Whatever else she did, she had to protect these two little ones from the darkness. Even if she failed at everything else, she had to succeed at that.
‘Come on, you two, let’s wash our hands now so we can get coats and shoes on,’ she said as brightly as she could. ‘We’re going to feed the ducks.’
Harry jumped off his chair.
‘Yes! Ducks!’
Grace wrinkled her nose.
‘Do we have to?’
‘Yes, Grace, we all need some fresh air and the ducks need some lunch. The sun’s going to come out later. Come on.’
‘Can we get a McFlurry after?’
‘I don’t know, Grace, we’ll see.’
‘Does that mean yes?’
Harry latched on to Sarah’s leg and looked up at her with his big blue eyes.
‘Maccyflurry! Maccyflurry!’
Sarah couldn’t remember everything being a negotiation when she was younger. She remembered getting what she was given by her parents, and being mostly happy with that. But now it seemed that every straightforward instruction she gave had the potential to turn into a bargain to be struck or a treat to be had. On any other day it might have niggled at her, but today she was glad of the distraction.
She smiled at her daughter.
‘It means we’ll see, Grace. Now put your coat and shoes on, those poor little ducks will be starving.’
They drove through Sunday traffic, through Crouch End and Highgate, parked on the edge of Hampstead Heath and walked to the first footbridge over the bathing pond, the children running ahead so they could be first across the water to the little jetty where the ducks gathered.
&nbs
p; The sky was dark and the air heavy with impending thunder.
The children reached the jetty and Sarah watched from the bridge as a dozen hungry ducks made a beeline for them across the water. Grace was in charge of the bag of bird seed, and she had given her brother a handful. With his small fingers, he was taking one seed at a time and throwing it to the ducks quacking around his feet, laughing as they circled him.
Sarah stopped halfway across the bridge. At the centre, where the water beneath would be deepest.

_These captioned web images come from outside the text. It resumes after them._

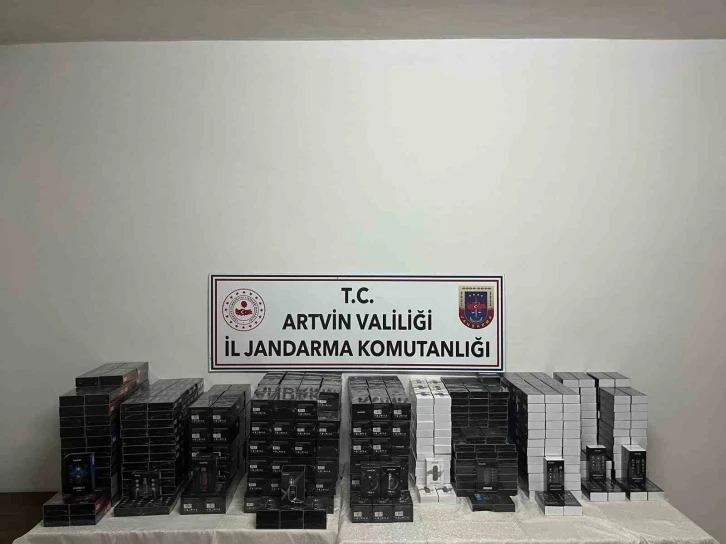 Jandarmadan kaçak elektronik sigara operasyonu
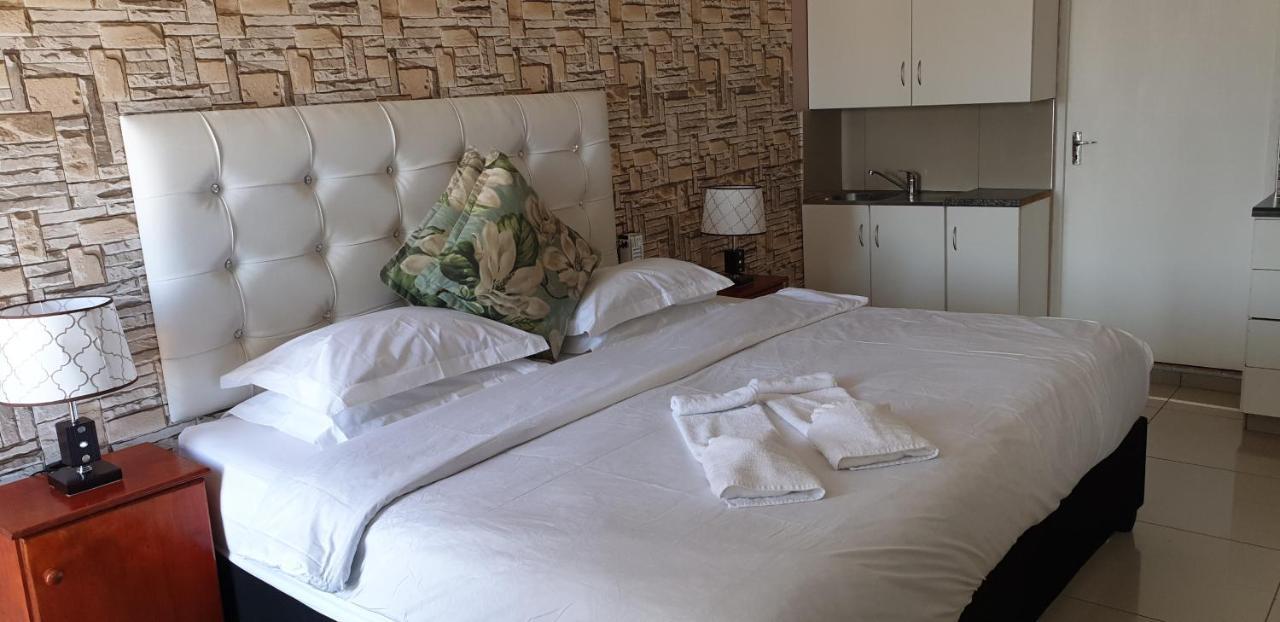 Rjs Guesthouse Дурбан Экстерьер фото
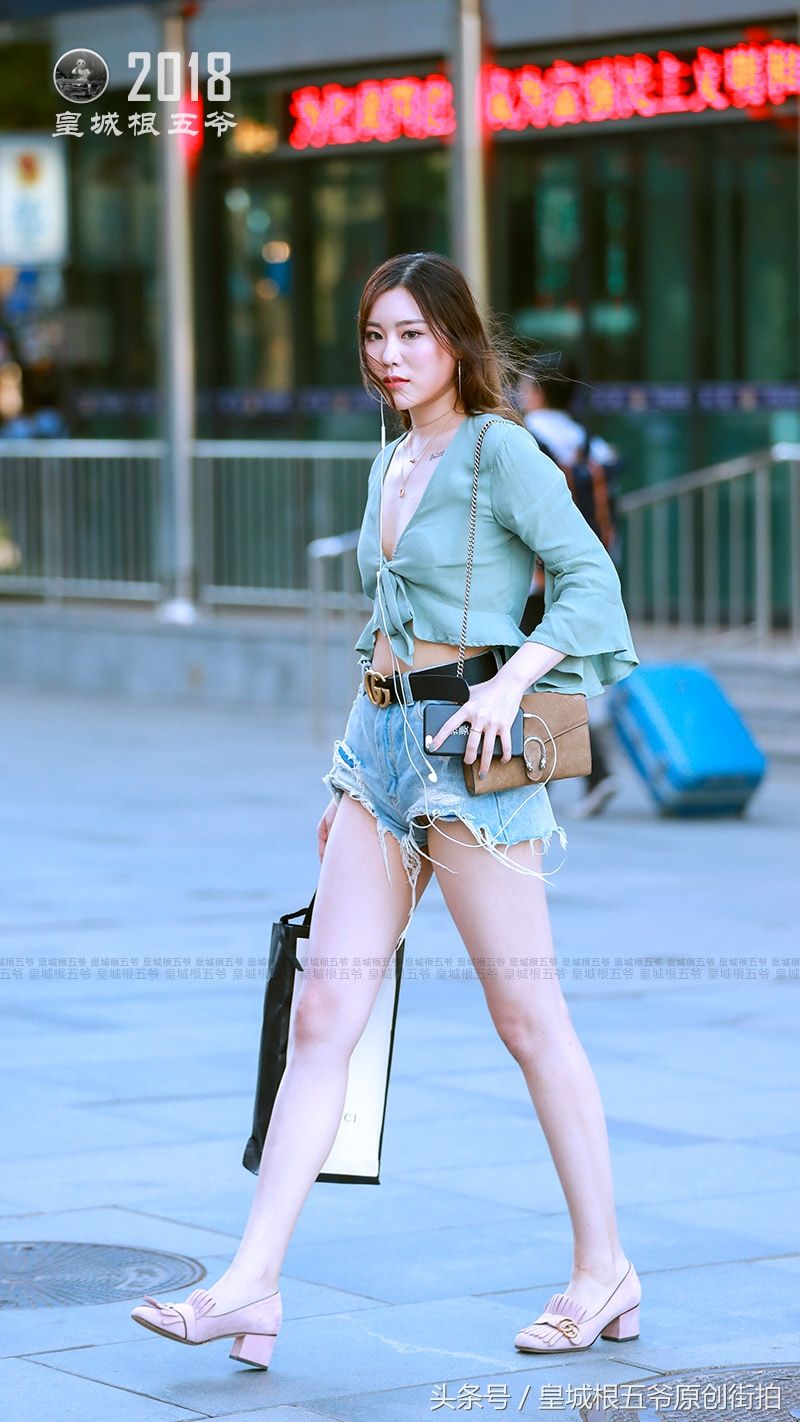 街拍:那些身材好颜值高的姑娘，都喜欢独自逛街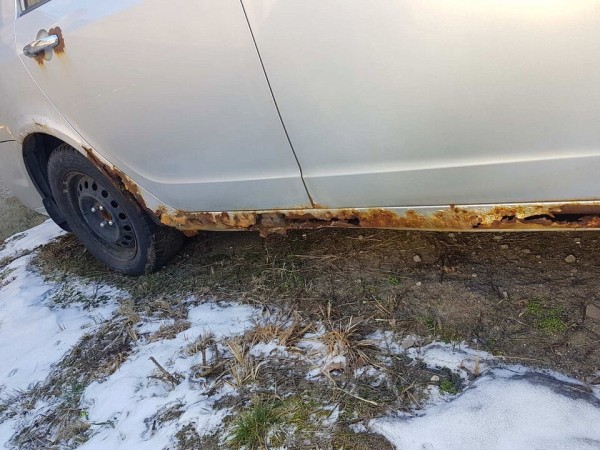 УАЗы по $400, а Skoda &mdash; за $4 тысячи. МВД распродаёт старый автопарк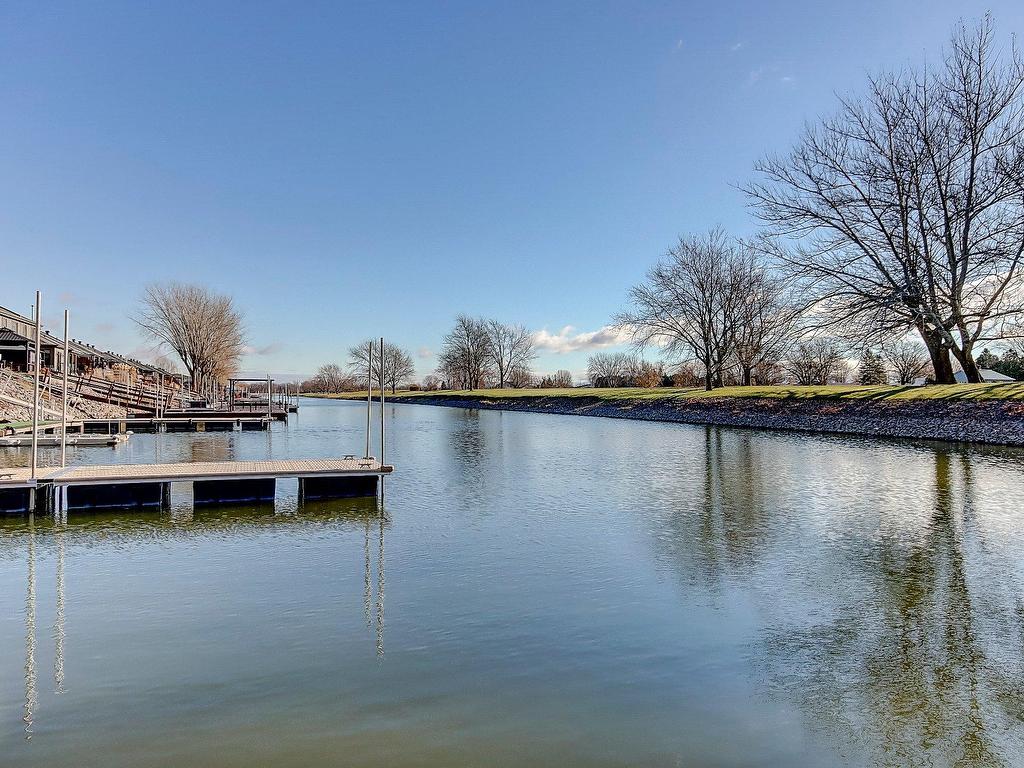









12


62e Avenue

,
Saint-Paul-de-l'Île-aux-Noix,




QC
J0J1G0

With both kids absorbed in what they were doing, she looked around quickly. No one behind her. No one coming towards her. There was a dog walker on the far bank, but he was facing the other way. A jogger in a bright pink windbreaker was coming towards her on this side of the pond. Sarah waited, watching the bright pink out of the corner of her eye. The jogger got to the bridge and kept on running, her back to Sarah as she drew further away.
OK. Now.
She took the folded-over plastic bag out of her handbag, moved up next to the railings and put her hand through the gap. Opening her hand, she let the bag fall, watching as it fell quickly and hit the choppy water with a flat crack.
Grace looked up at the noise.
Suddenly she thought: That was the other thing I was supposed to do. The SIM card. Oh shit, I didn’t take the SIM card out.
Too late now.
She watched as the air in the bag billowed upwards as it settled on top of the water. For a horrible moment, Sarah thought perhaps it wouldn’t sink at all. But then the bag rolled over, the Tesco logo visible for a second, before it sank beneath the grey surface of the pond.
In the distance there was a low rolling growl of thunder, and it started to rain.
42
‘Sorry, am I last again?’ Sarah said, putting her bag down and digging in it for her agenda. She had only made the departmental staff meeting with minutes to spare.